The cases of Michael Brown and Eric Garner ended with no indictments for the police officers who killed them, causing protests in cities across the country. In addition, there were many songs released by prominent black artists, and many celebrities expressed their opinions about the controversial cases on multiple media platforms.

This, in turn, has caused even more of a stir, with people also expressing how they feel about celebrity voices being more prominent than those within the communities. Some believe that celebrities should “stay in their lane,” (as John Legend was told to do) and not respond to political matters. There have also been criticisms and questions about why celebrities have added their voices to the cause: Is it fair that their voices hold more influence than the community activists and leaders on the ground? Are they really committed to justice, or are they making a “fad” out of their own activism?

People have also found themselves bothered by the celebrities that have not spoken up. For instance, rapper Azealia Banks called out rapper Iggy Azalea for appropriating black culture, but not speaking up on the issues that matter and affect Black people. Though this caught the attention of many media outlets and caused a Twitter feud, Banks had a valid point about the way mainstream society values Black culture when it produces a profit, but doesn’t actually value Black lives.

Though there are those whose names have not shown up in the media as frequently, there are still many famous faces who have spoken up about racial injustice, police brutality, and systemic oppression.

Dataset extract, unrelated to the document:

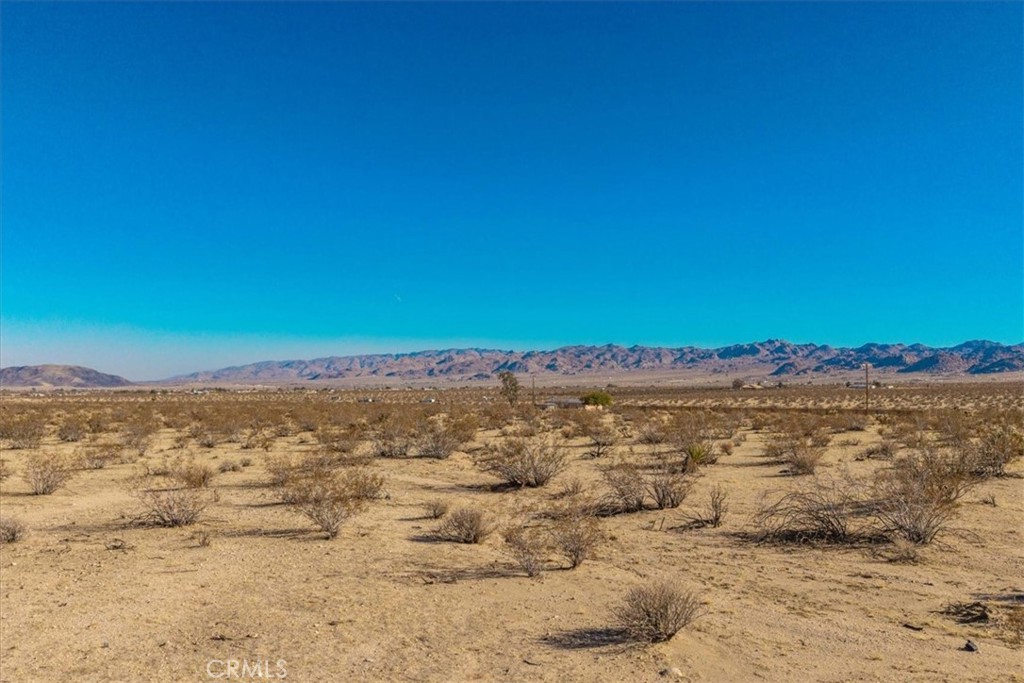 MLS #JT25184708 image #12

For example, actor and comedian Chris Rock, New Orleans Saints’ tight end Benjamin Watson, and so many more have taken time to share their perspectives on the deaths of Michael Brown and Eric Garner. Musicians Alicia Keys and Lauryn Hill are just two big name music artists who have found themselves dedicating songs in the wake of Ferguson.

Furthermore, Rapper B.o.B shared that he “never felt like the legal system was just,” in a recent interview with the Global Grind. Hearing news that Darren Wilson would not be indicted for the fatal shooting of Michael Brown left the rapper disappointed, causing the release of his new mixtape, “New Black.” Rapper J. Cole traveled to Ferguson and met with protesters, releasing his song “Be Free” shortly after his visit. In a recent interview with Vulture, Chris Rock said that if he had the chance, he would interview the white people of Ferguson, as so much of the issues that America is experiencing with race are problems created and perpetuated by white people. Erykah Badu tweeted words of support to Ferguson protesters, encouraging the people to keep going “until [they] change [the police authorities’] minds.” Pop star and style icon Rihanna also shared a very important post on her Instagram account, featuring a protester holding up a sign.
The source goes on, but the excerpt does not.